A traffic management plan from renewables firm Ridgewind Ltd estimates that HGV vehicles carrying 4,237 loads will be driving via Althorne and Southminster along narrow rural roads from Monday until the end of the year, as construction begins for a nine-turbine wind farm at Middlewick Farm.
The vehicles – carrying crushed stone and construction equipment such as mini diggers and cranes – are intended to travel along narrow rural roads, which include Rectory Lane near Althorne and Hall Road leading out of Southminster.
And despite proposals to construct permanent ‘passing places’ and improve junctions along the route, residents are shocked at what they regard as a complete lack of public consultation from the local authorities.
“I only learnt of the plans because I attended a meeting of the South East Area planning committee regarding an unrelated matter,” said one resident, who did not want to be named.
“It is this lack of consultation which is most abhorrent to me, and neighbours I have spoken to so far have also been completely surprised.
“If Ridgewind thinks that putting up posters next to the wind farm is enough then they are mistaken.”
It had also been suggested that a temporary clear way order could be issued along Station Road to prevent Southminster residents parking their vehicles along the highway to allow lorries to pass, but local concern has forced Essex County Council and developers to reconsider the proposal.
The news follows months of traffic chaos caused by turbine components being transported through villages en route to Bradwell Wind Farm, where 10 wind turbines are being erected.

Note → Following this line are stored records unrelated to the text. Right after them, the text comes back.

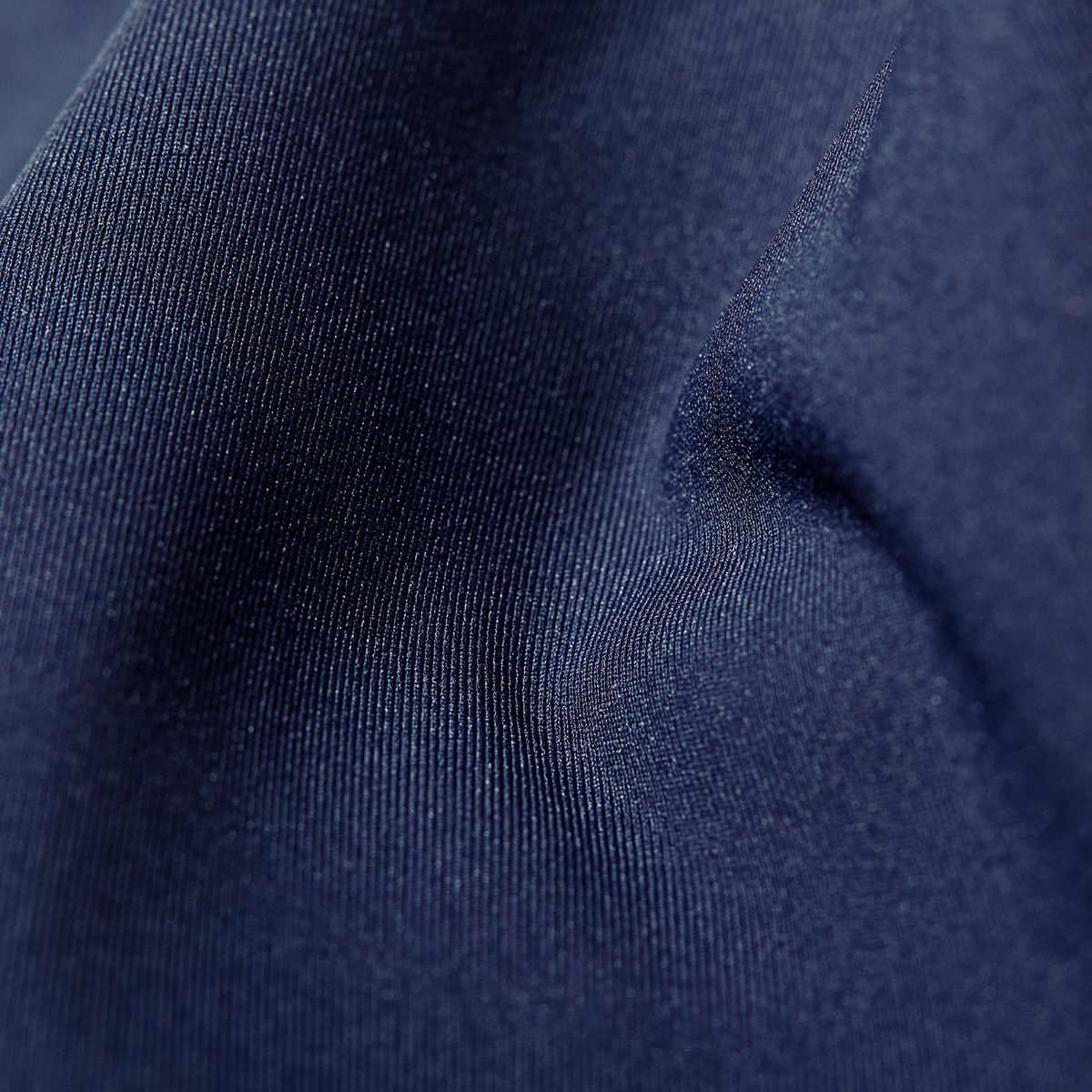 마무트(MAMMUT) 에너지 라이트 타이츠 여성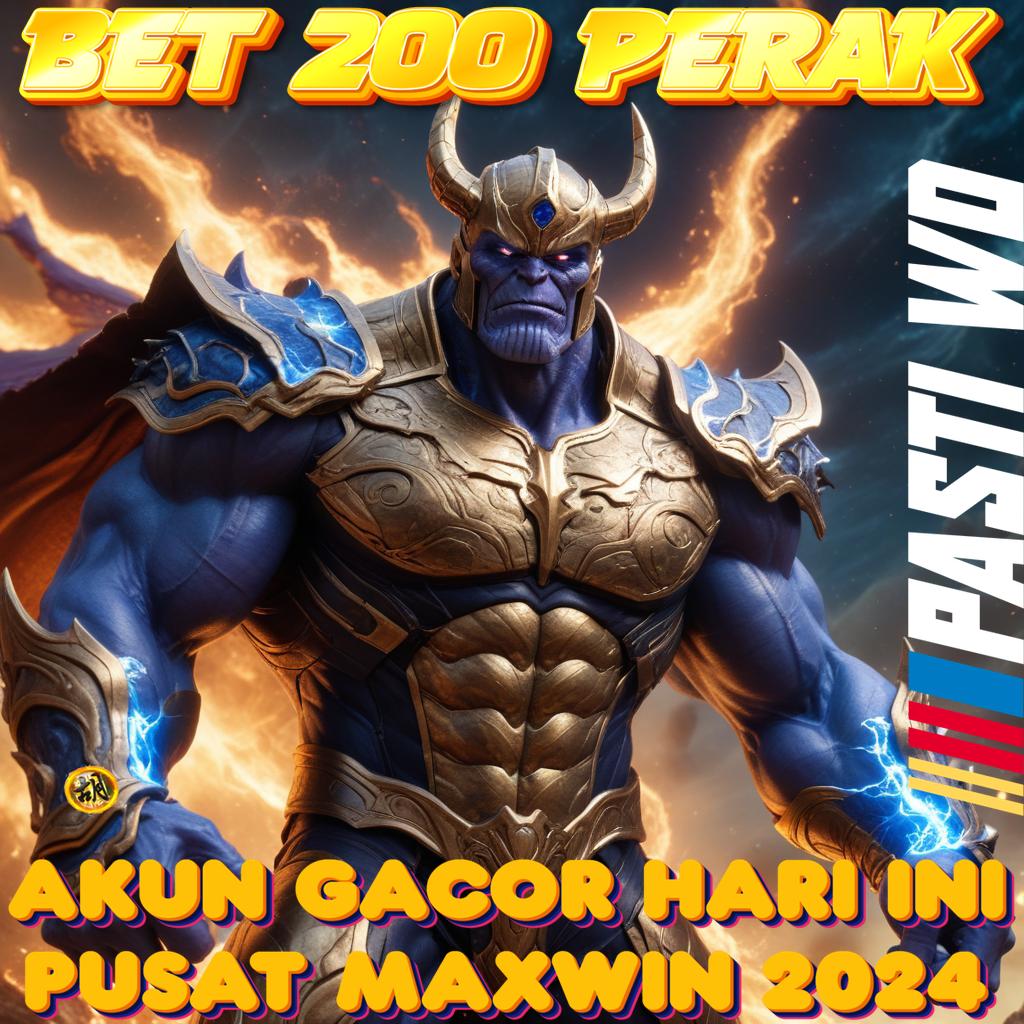 Download Gowin Slot Apk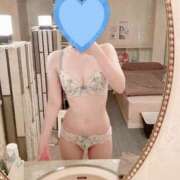 ヒメ日記 2025/05/15 07:00 投稿 最上　れん Amateras～アマテラス～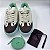 CACTUS JACK X DIOR B713 CACTUS JACK CREAM 102 / 713 EXCLUSIVO - Imagem 2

The transportation of turbine towers and blades weighing up to 43,000 kilograms to the site at Bradwell-on-Sea has created a number of difficulties, with at least one of the lorries breaking down on Maldon Road in March, and Essex Police forced to co-ordinate one of the most complex escorts of ‘abnormal loads’ in its history.
Maldon MP John Whittingdale said: “I was opposed to Middlewick wind farm in the first place, not because of the traffic movements but because of the effect on the area, but another drawback is the huge amount of construction activity when we’ve already had disruption because of the farm at Bradwell.
“The route is a matter for Essex County Council but whatever route they take is bound to have an impact.”
And with notification letters from contractors now appearing on lampposts and fences in the area with a start date of Monday, June 24, it appears the implementation of the plans could be imminent.
An Essex Highways spokesperson said: “The Middlewick wind farm was granted planning consent by the planning inspectorate in May 2011.
“ECC are aware of concerns about the potential temporary parking restrictions however, ECC would like to reassure residents this would purely be a temporary measure to facilitate construction traffic.”
“ECC will take into account any special circumstances, including disabled parking, when considering the application for temporary parking restrictions.”